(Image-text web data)
↓↓↓
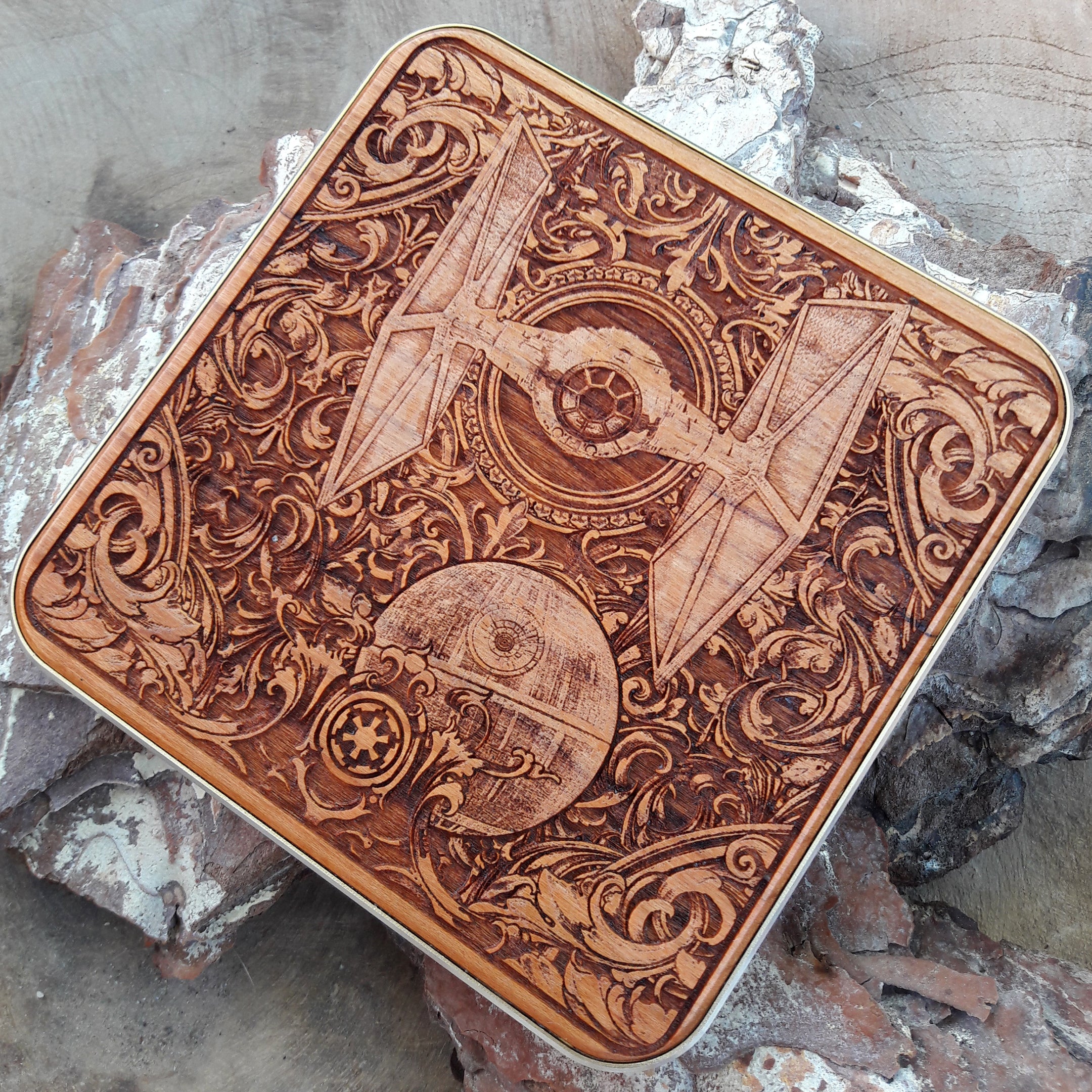 Handcrafted wireless charger featuring sci-fi starship engravings.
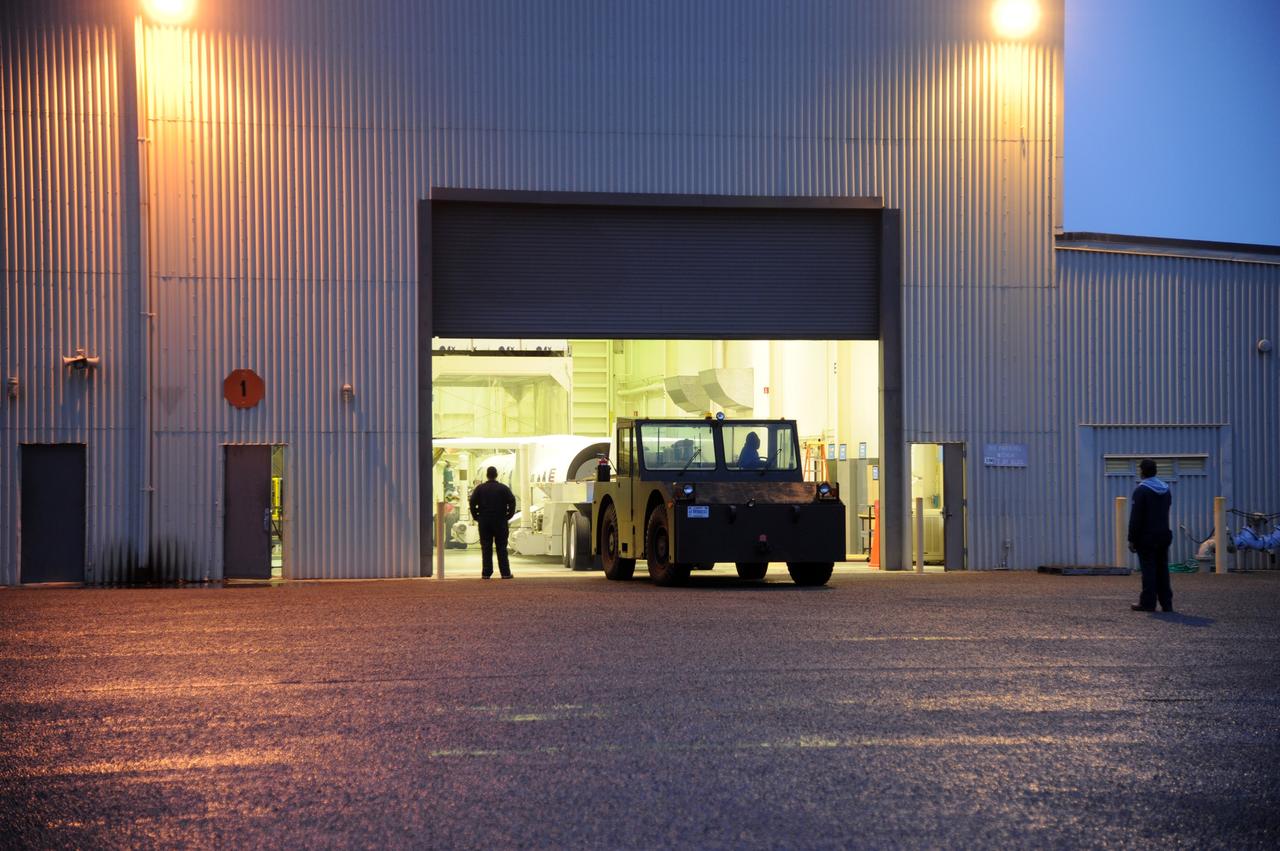 VANDENBERG AIR FORCE BASE, Calif. – NASA’s Nuclear Spectroscopic Telescope Array, or NuSTAR, mated to Orbital Sciences’ Pegasus XL rocket, begins its move from Orbital’s processing hangar to the “hot pad,” located on the ramp adjacent to the runway on Vandenberg Air Force Base in California.  At the hot pad, the rocket will be attached beneath Orbital’s L-1011 carrier aircraft.    The duo will be flown from Vandenberg to the U.S. Army's Ronald Reagan Ballistic Missile Defense Test Site on Kwajalein Atoll, part of the Marshall Islands in the Pacific Ocean.  The Pegasus and its NuSTAR payload will be launched June 13 from the carrier aircraft 117 nautical miles south of Kwajalein at latitude 6.75 degrees north of the equator.  The high-energy X-ray telescope will conduct a census of black holes, map radioactive material in young supernovae remnants, and study the origins of cosmic rays and the extreme physics around collapsed stars. For more information, visit http://www.nasa.gov/nustar.  Photo credit: NASA/Chris Wiant, VAFB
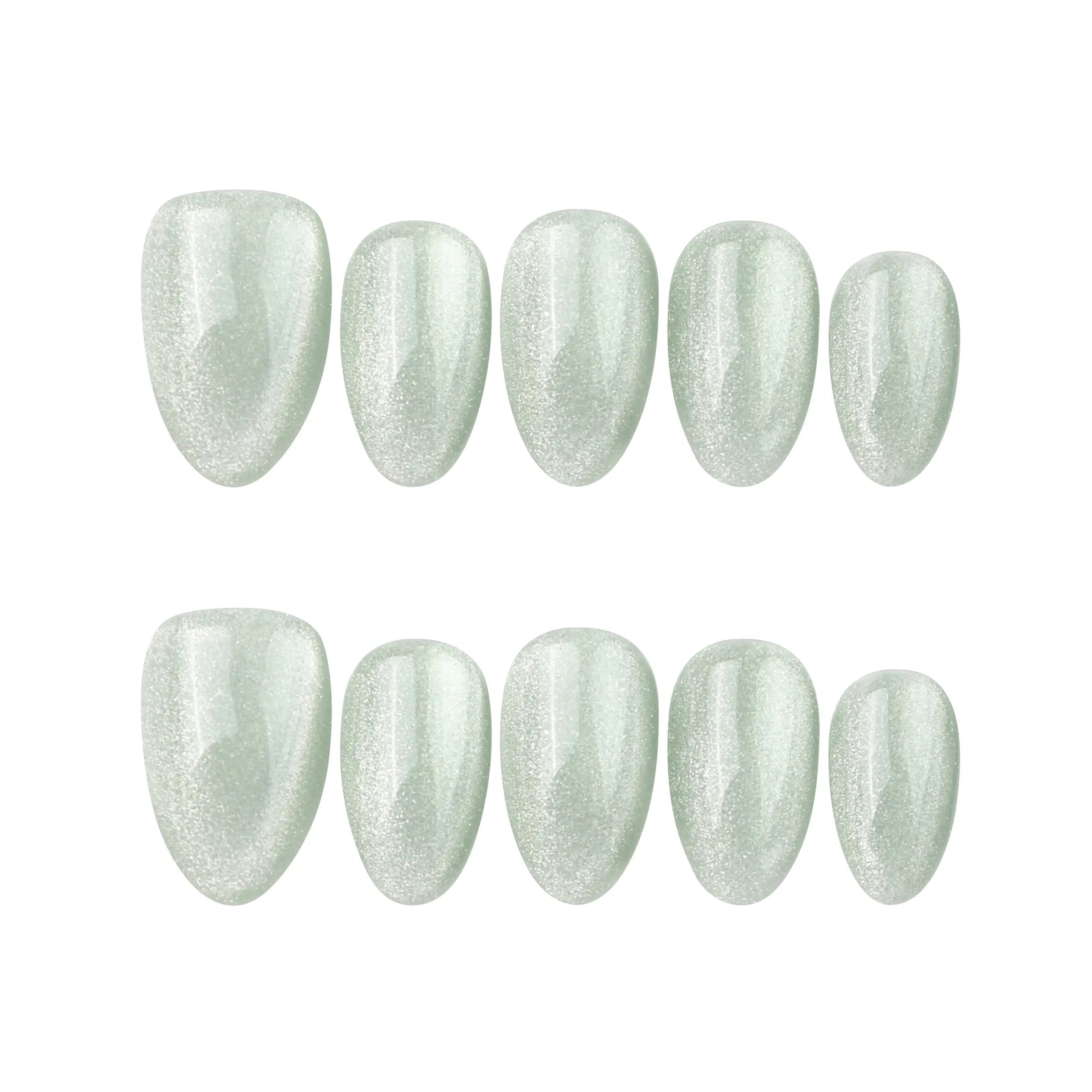 Flat lay of Jade Curve handmade press on nails by Naillover, short almond green nails over white background.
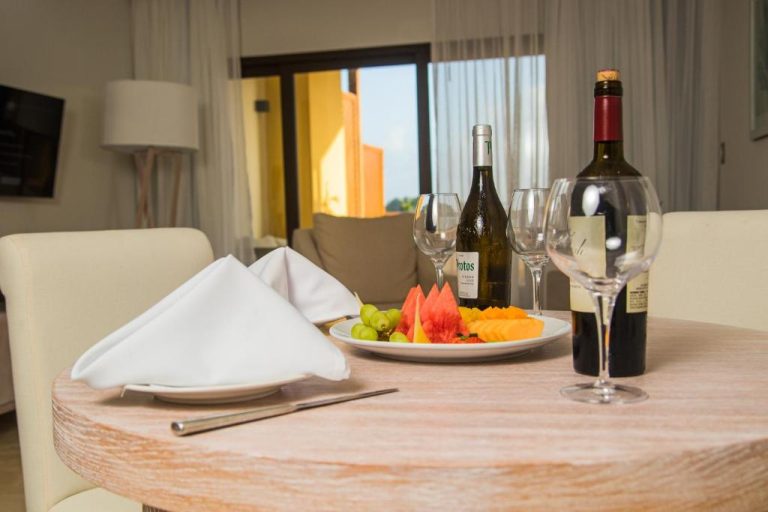 Mesa con botellas de vino, copas y plato de frutas frescas en Hacienda Samana Bay Hotel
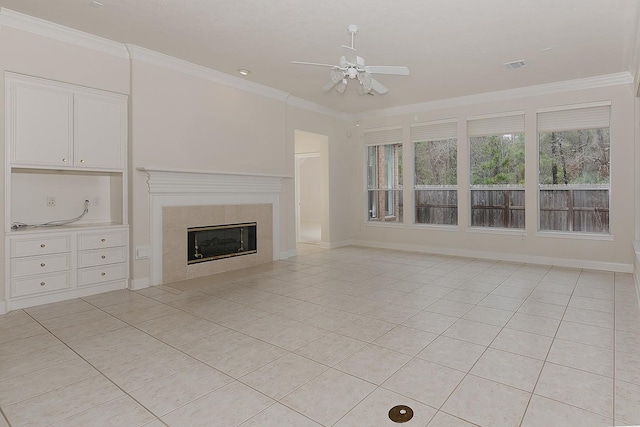 unfurnished living room featuring crown molding, a fireplace, light tile patterned floors, visible vents, and ceiling fan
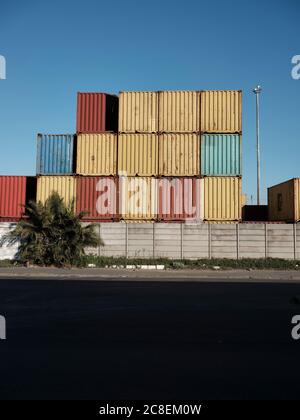 Colourful containers stacked next to a busy street in an industrial part of town. No people. Stock Photo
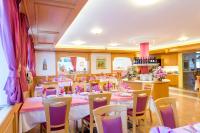a restaurant with tables and chairs in a room at Hotel Villa Rosella Park & Wellness in Canazei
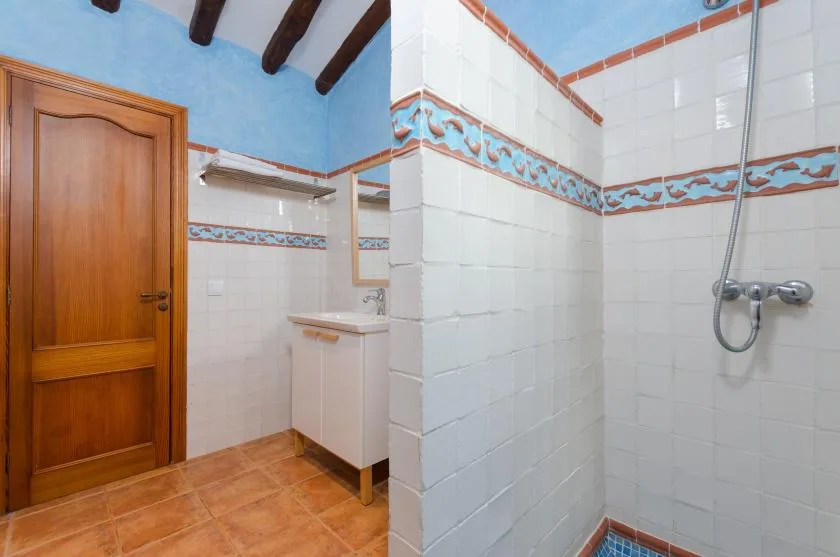 A tiled bathroom with a shower, sink, and wooden door.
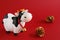 Toy bull with Golden fir cones on a red background. Symbol of the Chinese New year 2021. New year`s mood.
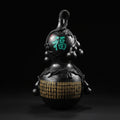 Luxury handcrafted black ceramic art gourd with intricate gold and green detailing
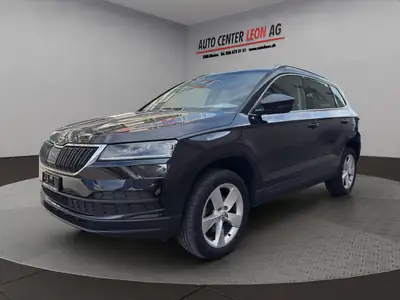 Skoda Karoq 1.6 TDI — SUV compact robuste, sans accident, entretien à jour — side view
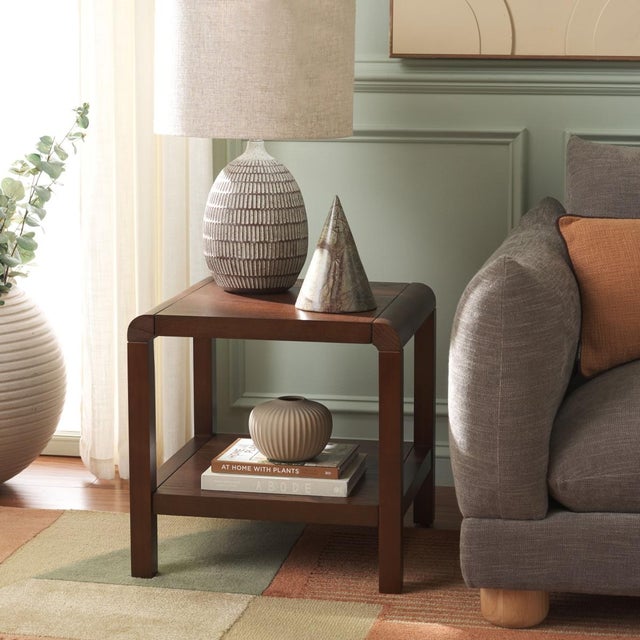 Enhance your living space with the Omara 1 Shelf Side Table in Walnut. Crafted with wood, this piece showcases a rich...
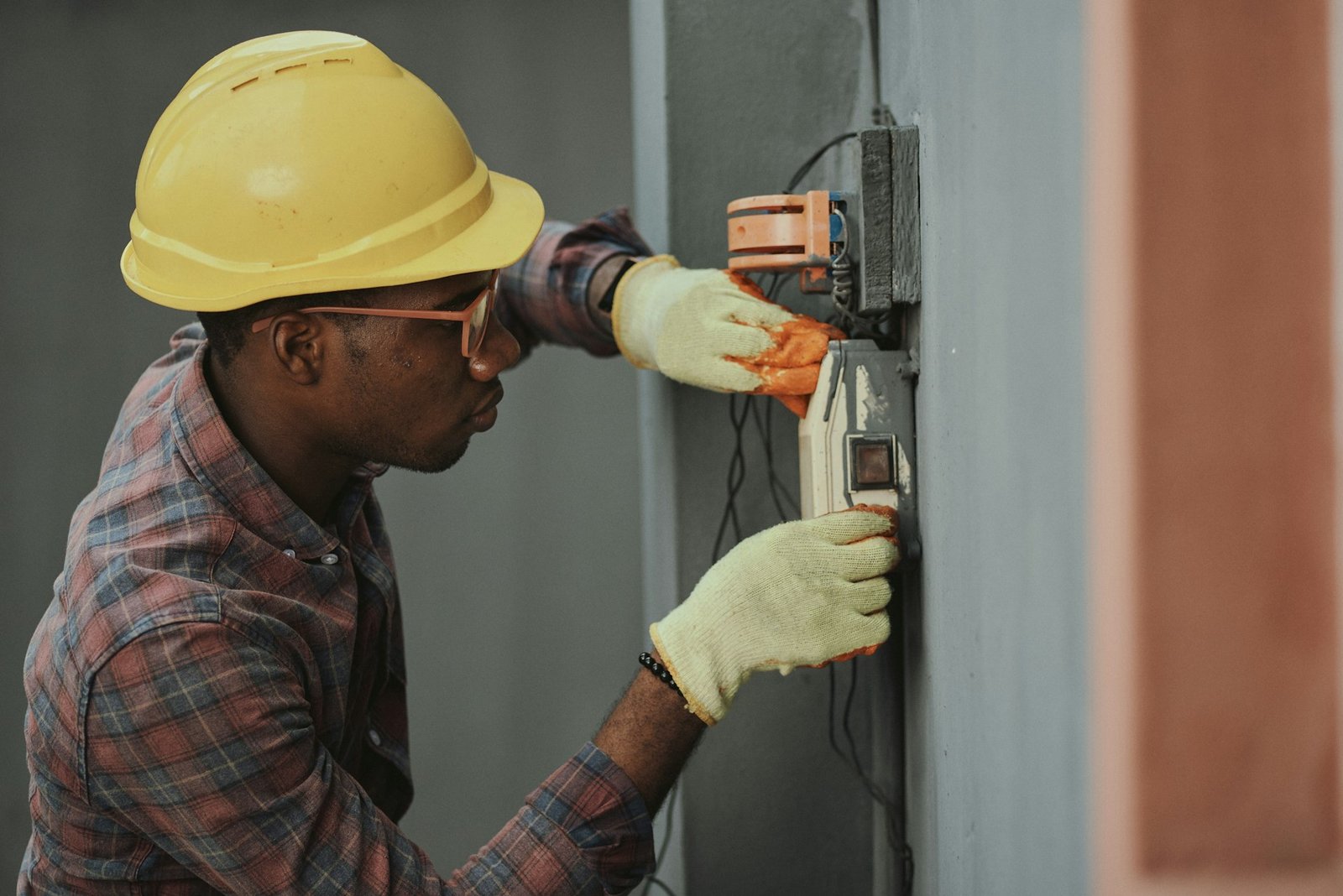 HVAC technician servicing outdoor AC unit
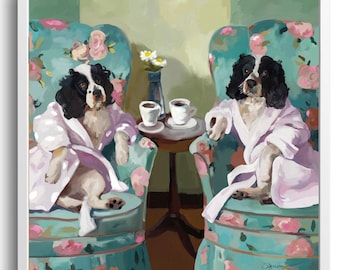 May include: Two dogs wearing pink robes sit in floral armchairs with cups of coffee on a table between them. The chairs are teal blue with pink and white floral patterns. The dogs are black and white with brown eyes.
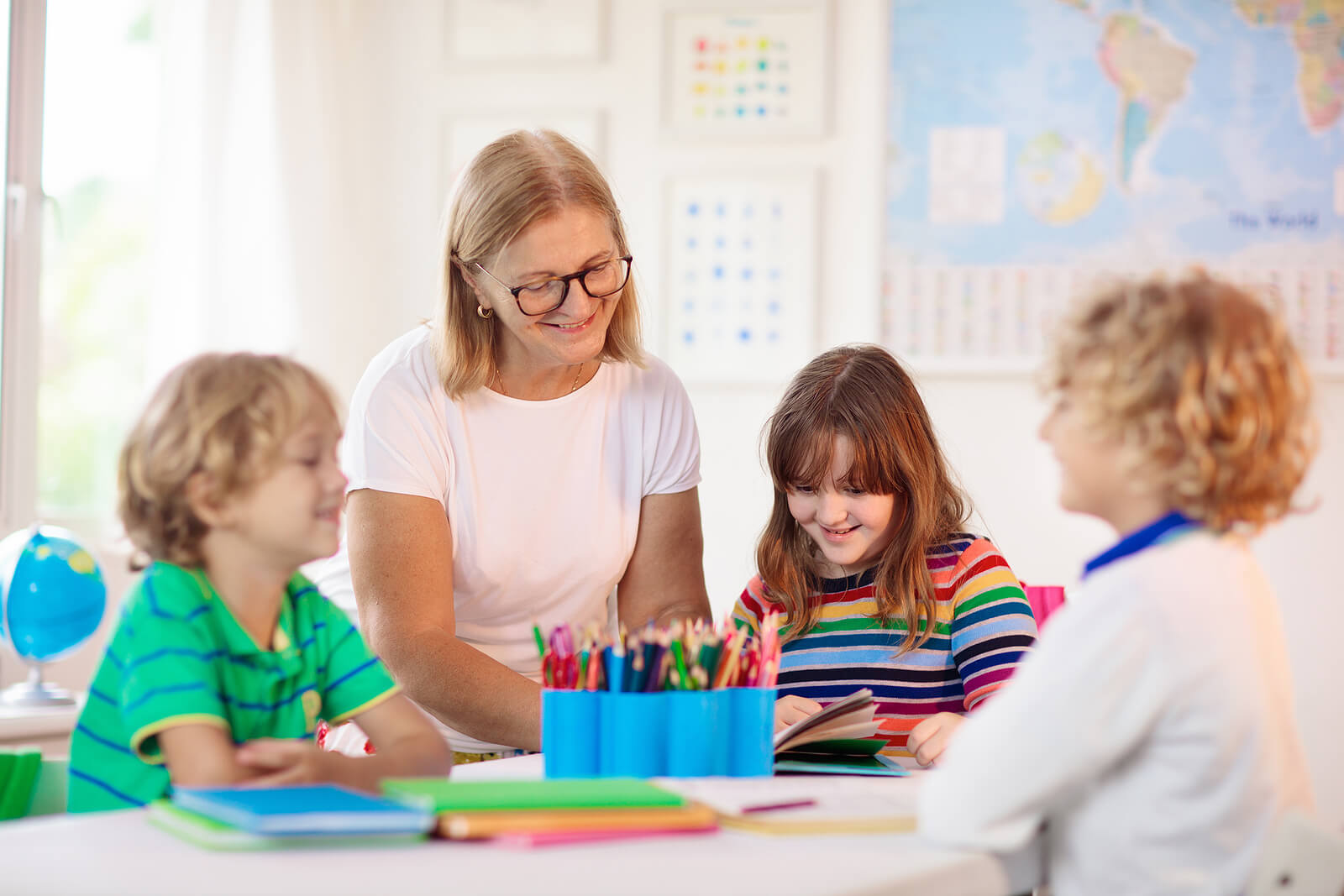 Image of a woman reading a book in a classroom to children. Does your child struggle academically? Learn how child neuropsych testing in Saint Petersburg, FL can help them find the support they need.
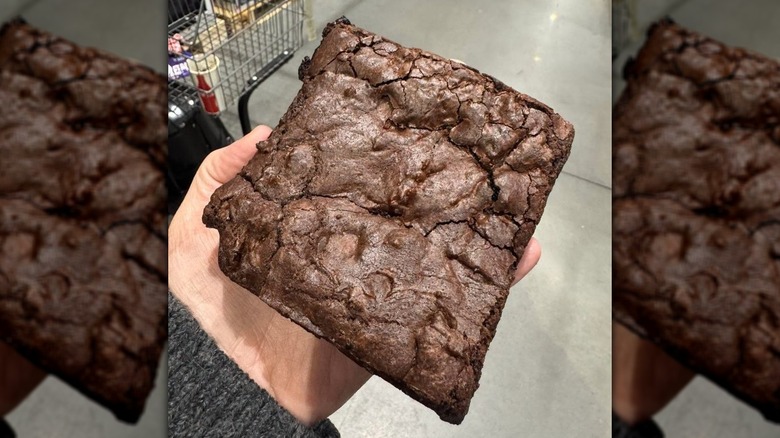 Hand holding a large Costco Australia food court brownie.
↑↑↑
:: Exercise ::
In the data above, retype only the stretch from the line with "Mesa con botellas" through the line with "Image of a woman", word for word, and skip any pictures.

:: Finished task ::
 Mesa con botellas de vino, copas y plato de frutas frescas en Hacienda Samana Bay Hotel
 unfurnished living room featuring crown molding, a fireplace, light tile patterned floors, visible vents, and ceiling fan
 Colourful containers stacked next to a busy street in an industrial part of town. No people. Stock Photo
a restaurant with tables and chairs in a room at Hotel Villa Rosella Park & Wellness in Canazei
 A tiled bathroom with a shower, sink, and wooden door.
 Toy bull with Golden fir cones on a red background. Symbol of the Chinese New year 2021. New year`s mood.
 Luxury handcrafted black ceramic art gourd with intricate gold and green detailing
 Skoda Karoq 1.6 TDI — SUV compact robuste, sans accident, entretien à jour — side view
 Enhance your living space with the Omara 1 Shelf Side Table in Walnut. Crafted with wood, this piece showcases a rich...
 HVAC technician servicing outdoor AC unit
 May include: Two dogs wearing pink robes sit in floral armchairs with cups of coffee on a table between them. The chairs are teal blue with pink and white floral patterns. The dogs are black and white with brown eyes.
 Image of a woman reading a book in a classroom to children. Does your child struggle academically? Learn how child neuropsych testing in Saint Petersburg, FL can help them find the support they need.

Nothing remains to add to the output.